As I watch the sky darken, all the emotions of the past several hours crash down on me. Having sex made everything worse. I knew it would, but I hoped that maybe we would come out of it reconnected. Instead, desperation wafts off me, left behind from every touch and kiss. Julian clung to me, pulling me closer and deeper, moving our bodies as one until we exploded together. Desperation that deep isn’t connection—it’s goodbye. Julian is again fighting whatever part of himself refuses to let him stay with me. He lost the battle at eighteen and again at twenty-four. We were kids then, playing at love, and I overlooked the flaw. I demanded he make recompense, fully knowing that I would always take him back. But we’re not kids anymore. The stakes are higher, the break more complicated. That’s why it’s taken so long for him to succumb, but he will succumb. This time, I will be the one to go.

My hands shake as I grip the doorknob. Julian is the love of my life. And tonight, I will leave him so that he can’t leaveme again. I’ll break my own heart to save it. Sitting around and waiting to be left isn’t an option, not now after all these years and all we’ve been through. Not when he kissed another woman and lied to me and hid things and plotted. A resolve builds in me. This is about much more than Sheila Sampson and an airport kiss.

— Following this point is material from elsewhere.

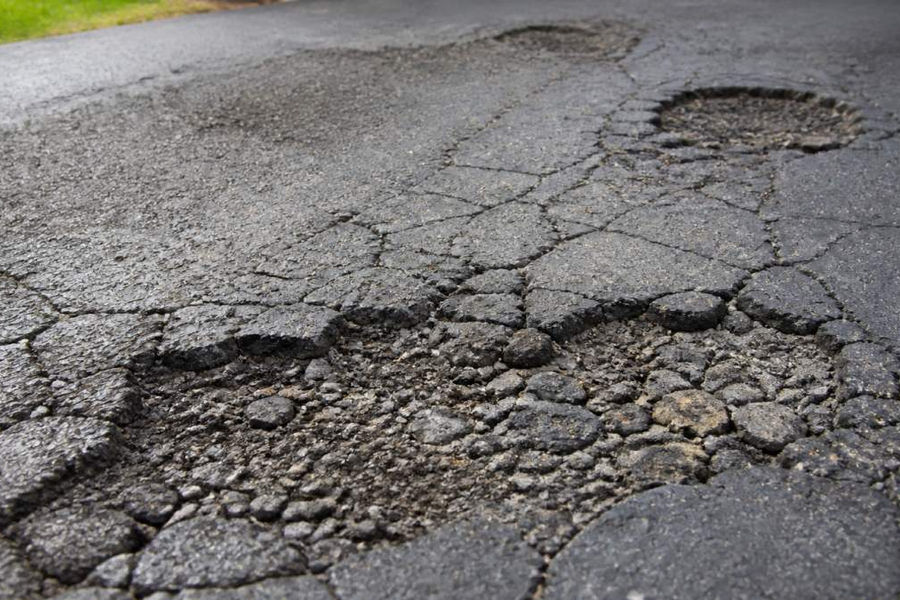 Close-up of deteriorated asphalt driveway showing visible cracks, surface raveling, and potholes with weather-worn edges and exposed base layer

Ten minutes later, I’m still sitting in the driveway. My resolve hasn’t wavered, but I’ve spent too long in a storybook romance, and this is exactly when the sign appears. The small or big thing that makes me stay—Julian running out of the house, a meaningful and relevant song coming on the radio, a perfectly timed phone call that makes my troubles seem trivial. But nothing presents itself. With a last look at our house, I pull out of our driveway and say goodbye to the last seventeen years of my life.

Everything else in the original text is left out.